PROVIDED DATA
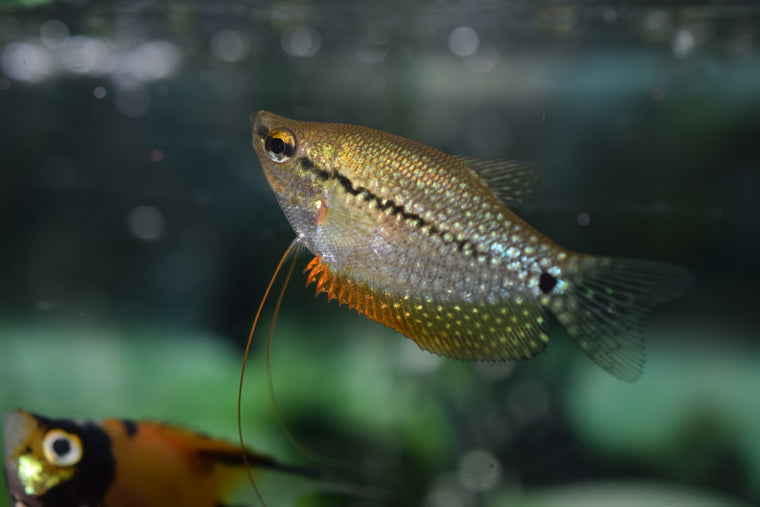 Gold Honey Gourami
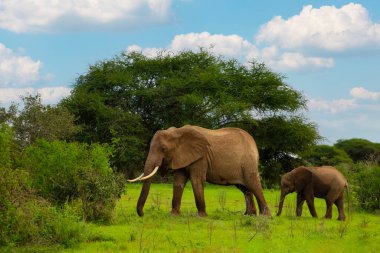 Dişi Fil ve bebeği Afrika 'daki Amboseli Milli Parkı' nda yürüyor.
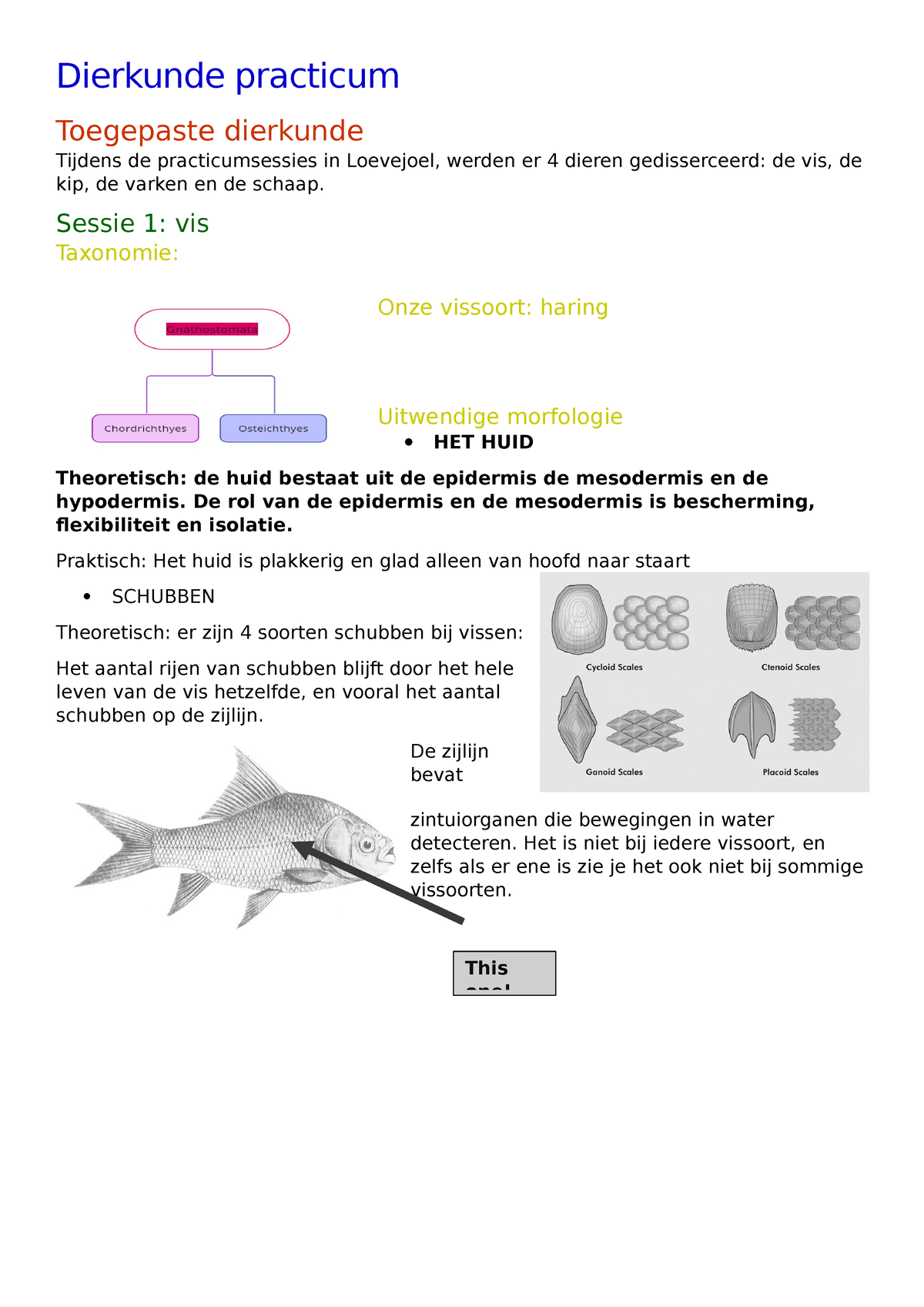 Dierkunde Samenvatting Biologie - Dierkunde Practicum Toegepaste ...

ASSIGNMENT
Without including any picture, copy the listing above exactly and in full.

SOLUTION TO THE PROBLEM
 Gold Honey Gourami
 Dişi Fil ve bebeği Afrika 'daki Amboseli Milli Parkı' nda yürüyor.
 Dierkunde Samenvatting Biologie - Dierkunde Practicum Toegepaste ...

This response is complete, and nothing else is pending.